Plant Containers And Composts

Plastic pots are very common nowadays for houseplants. They are useful when placed in the bedroom among the bedroom furniture since they do not break easily. Clay pots are still available too. However, in the case of clay pots, they are commonly used when plants are to be placed among the living room furniture, dining room furniture or bar furniture. This is because because the clay pots are heavy and they are not easily blown off the furniture by the wind. However, the choice of plastic pots or clay pots is entirely yours, as it makes no difference to the plants. Clay pots are heavy, providing balance for large plants, but they are porous, losing moisture through the sides, as well as from top and bottom, so more frequent watering is required. Plastic pots are clean, may be colourful or plain, but not liable to break easily.

Clay pots usually have only one drainage hole and must be crocked in the base with shards from a broken pot, whereas plastic pots have several holes and are free-draining. Typically, a pot is as deep as it is round. Pot sizes range in diameter from 4 cm to 38cm. This measurement is made across the top of the pot, inside the rim.
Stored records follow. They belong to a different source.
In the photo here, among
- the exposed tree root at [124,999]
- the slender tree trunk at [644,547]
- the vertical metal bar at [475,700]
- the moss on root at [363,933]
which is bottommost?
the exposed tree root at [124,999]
The usual sizes needed for most houseplants are from 7.5cm up to 25cm.

If you want to place the plant in a decorative container(wood, metal or ceramic) with no drainage hole, it is best to stand the pot inside, rather than plant directly into the container. If you do pot up plants in a non-draining container, put a layer of gravel or charcoal in the base before adding the compost. Line a metal container with plastic, as some metals affect the roots of plants. You can use non-waterproof outer containers -- for example, baskets. Hanging baskets are popular for trailing plants. Mesh baskets must be lined with plastic hanging pots, which are also available separately.
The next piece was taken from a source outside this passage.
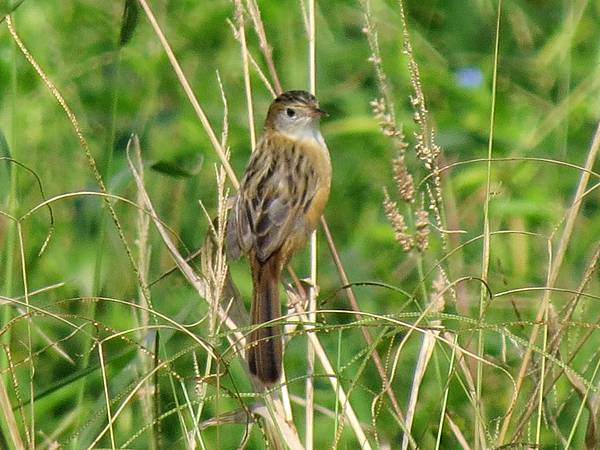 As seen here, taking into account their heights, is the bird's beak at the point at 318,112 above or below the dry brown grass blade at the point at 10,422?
above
There are two basic types of potting mixture. The first type is soil, which are loam-based composts. The second type is soil-less mixtures, largely consisting of peat. It is easy to tell which compost the plant is in when you buy it -- peat composts are dark brown and crumbly, loamy soil is lighter in colour and more gritty. Peat-based composts are light and clean, but they dry out quickly and give less weight in the pot to balance a tall stem or spreading foliage. Proprietary brand composts are sterilized and contain special nutrients. Never pot plants in garden soil, as this is not sufficiently nutritious and may harbour all sorts of weeds, pests and diseases.